直到确认无人追来,三人才停下。苏妙喘着气,看向那陌生书生:“你是谁?为何救我们?”

书生整理了一下微乱的衣襟,桃花眼弯起:“在下赵弈,受人之托,忠人之事。”

赵弈?苏妙觉得这名字耳熟,猛地想起——人物设定表里那个“风流倜傥的世子爷”,女主事业上的合作伙伴兼男闺蜜!他怎么会出现在南疆?

“你认识我?”她问。

“永安侯府三小姐,苏妙苏姑娘——哦,现在该叫郡主了。”赵弈摇开折扇,笑得风流倜傥,“你的‘笑笑居’点心铺子开遍半个京城,我可是常客。更何况,谢允之那家伙三天两头在我耳边念叨,想不认识都难。”

果然是谢允之的朋友。苏妙松了口气,但警惕未消:“你怎么找到这里的?”

“谢允之留了暗号。”赵弈从怀中取出一枚小巧的竹哨,吹了一下,无声,但远处林子里很快传来三声鸟鸣回应,“他在竹林引开追兵前,给我的人发了信号。我正好在附近‘做生意’,就赶过来了。”

做生意?苏妙想起人物设定里说赵弈“商业触觉敏锐”,看来他在南疆也有产业。

“他现在怎么样?”她急问。

“受了点伤,不碍事,已经撤到安全地方了。”赵弈收起玩笑神色,“倒是你,圣教正在全力搜捕。渔村不能待了,跟我走,我有个地方绝对安全。”

“等等。”苏妙看向阿彩,“她需要大夫,还有阿木……”

“一起带上。”赵弈爽快道,“你那个小信使已经和谢允之的人接上头了,这会儿应该也在往安全处转移。走吧,再磨蹭追兵真来了。”

他领着两人继续深入红柳林,林深处藏着一艘不起眼的乌篷船。船夫是个沉默寡言的老汉,见他们上船,立刻撑篙离岸,小船悄无声息滑入河道支岔,七拐八绕,最后驶进一片芦苇荡中的隐蔽水道。

水道尽头,竟是个建在巨大溶洞内的隐秘码头。洞壁上凿出石阶,通往上方。赵弈引路,石阶尽头豁然开朗——是个宽敞明亮的洞厅,布置得如同雅致书斋,桌椅床榻一应俱全,甚至还有个小火炉煮着茶。

“这是我在此处的货栈之一,绝对安全。”赵弈示意她们坐下,亲自倒了热茶,“苏姑娘,长话短说,你从圣教那里带出了什么?”

苏妙取出那枚金属碎片和封蜡的芦管,将水牢所见、阿彩的梦境、以及对野人谷据点的推测一一说出。
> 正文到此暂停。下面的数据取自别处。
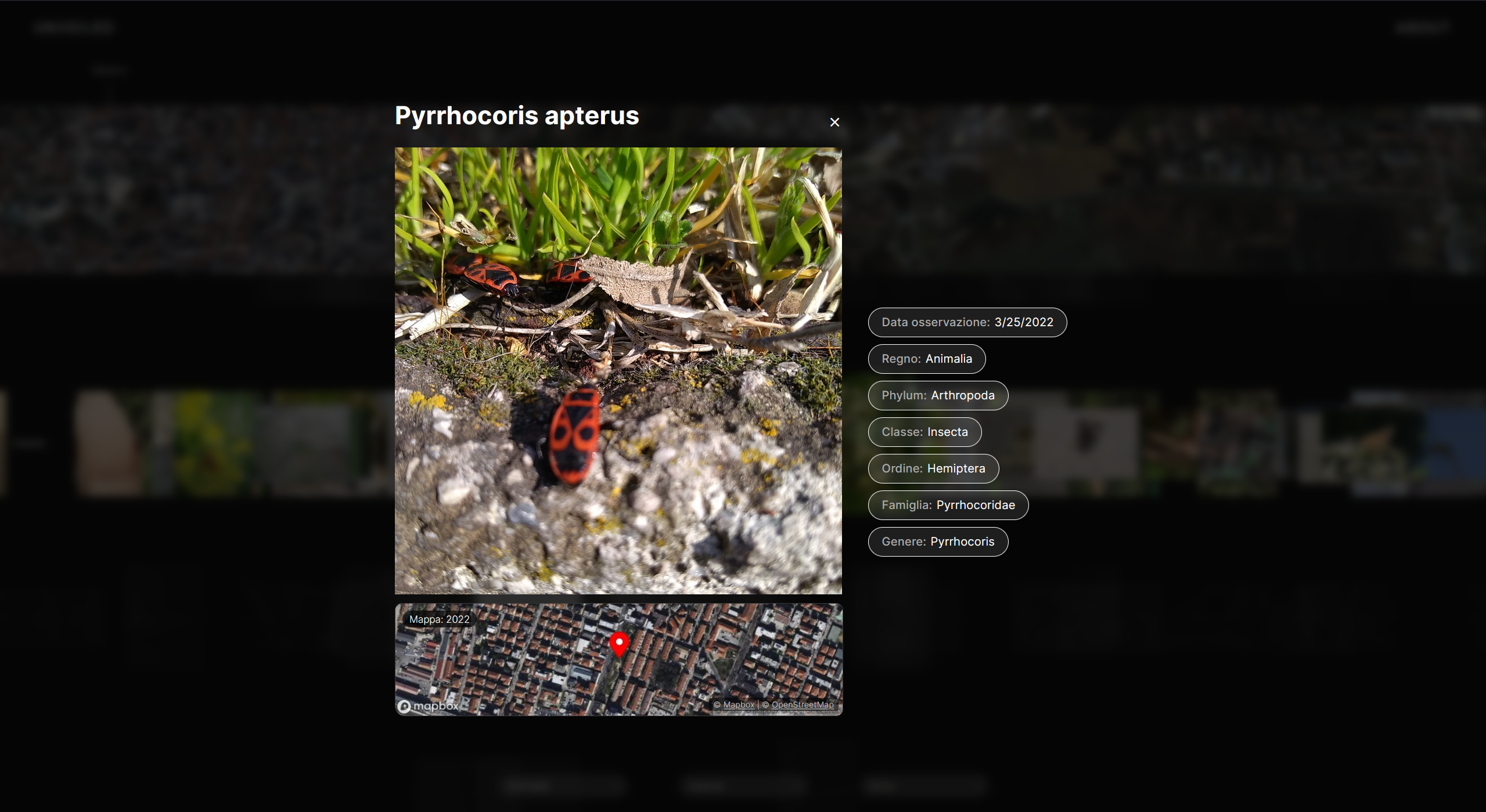 Project image 1
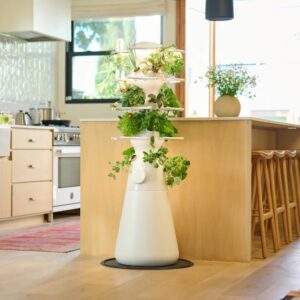 In a bright, spacious kitchen, a white Lettuce Grow hydroponic planter with LED grow lights is positioned next to the kitchen island. The planter, perhaps five feet tall, has a conical white base with about 20 slots where different edible plants, like herbs and lettuces, are growing. Courtesy Lettuce Grow.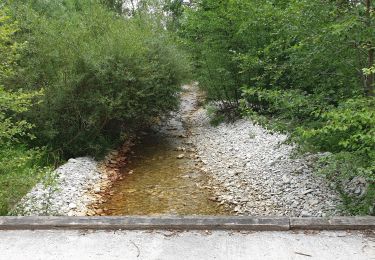 Trail Mountain bike Thorame-Basse - Camping petit cordeil Argens - Photo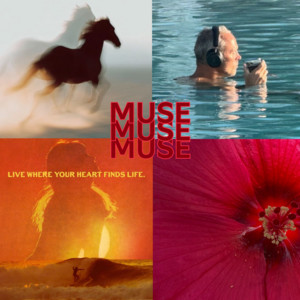 MUSING ❤️‍🔥 cover
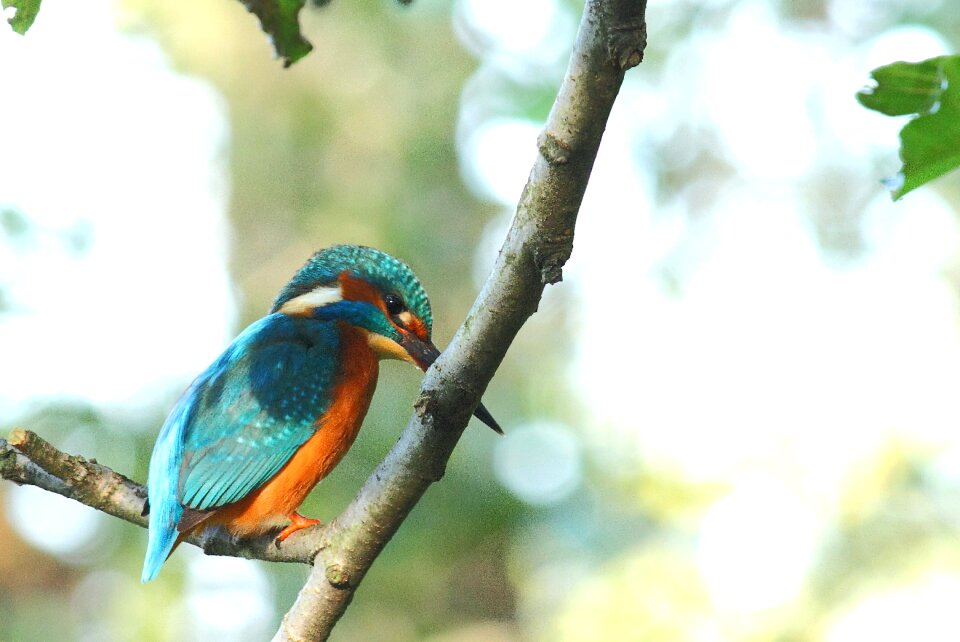 Kingfisher bird wild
赵弈听着,脸上惯常的玩世不恭渐渐褪去,眼神锐利如刀。

“蚀刻纹路……能量回路……”他拿起碎片对着光细看,“这东西我见过类似的。”

“你见过?”苏妙一怔。

“在北境。”赵弈沉声道,“去年秋天,我的一支商队从北境回来,带回几件破损的‘法器’,说是从草原部落手里收来的,据称能‘引雷’。我当时只当是胡扯,拆开看了,里面就有这种纹路的金属片。但那些更粗糙,纹路也简单得多。”

北境也有。苏妙心跳加快。圣教与北境大皇子的勾结,恐怕不止军械走私,还有这种超越时代的技术共享。

“那些‘法器’现在在哪儿?”

“一部分在我京城的库房,还有两件送去工部研究了——以‘新奇机关’的名义。”赵弈道,“但工部那些老学究看了半天,只说‘奇技淫巧’,没看出名堂。”

那是因为他们不懂电路基础。苏妙深吸一口气:“赵世子,我需要纸笔,还有——你手下有没有信得过的、懂机关匠作的老师傅?”

“有。你想做什么?”

“画图。”苏妙接过赵弈递来的纸笔,凭着前世残存的记忆,开始勾勒简易的电路原理图,“圣教在制造的东西,可能是一种能量汇聚和放大的装置。血月之夜,他们要用九十九个女子的生命能量,加上圣印宿主——也就是我——作为引信和控制器,强行打开所谓的‘天门’。而这些金属零件,就是装置的‘血管’和‘神经’。”

她画出的符号和线条,在这个时代的人看来如同天书。但赵弈看着,眼神越来越亮。

“所以,只要破坏这些‘血管神经’,仪式就无法完成?”

“或者,让‘控制器’失效。”苏妙放下笔,摸了摸脸颊上的圣印,“我脸上的印记,就是控制器的一部分。但我现在不知道它怎么运作,也不知道怎么安全地剥离它。”

洞厅里一时安静,只有火炉上茶壶滋滋的响声。

一直沉默的阿彩忽然开口,声音虚弱却清晰:“梦里……那扇门上,有个凹槽……形状……和郡主脸上的印记……一模一样。”

苏妙和赵弈同时看向她。

阿彩努力回忆:“莲花灯漂到门边……灯里的光……就流进凹槽里……门就……亮了一点。”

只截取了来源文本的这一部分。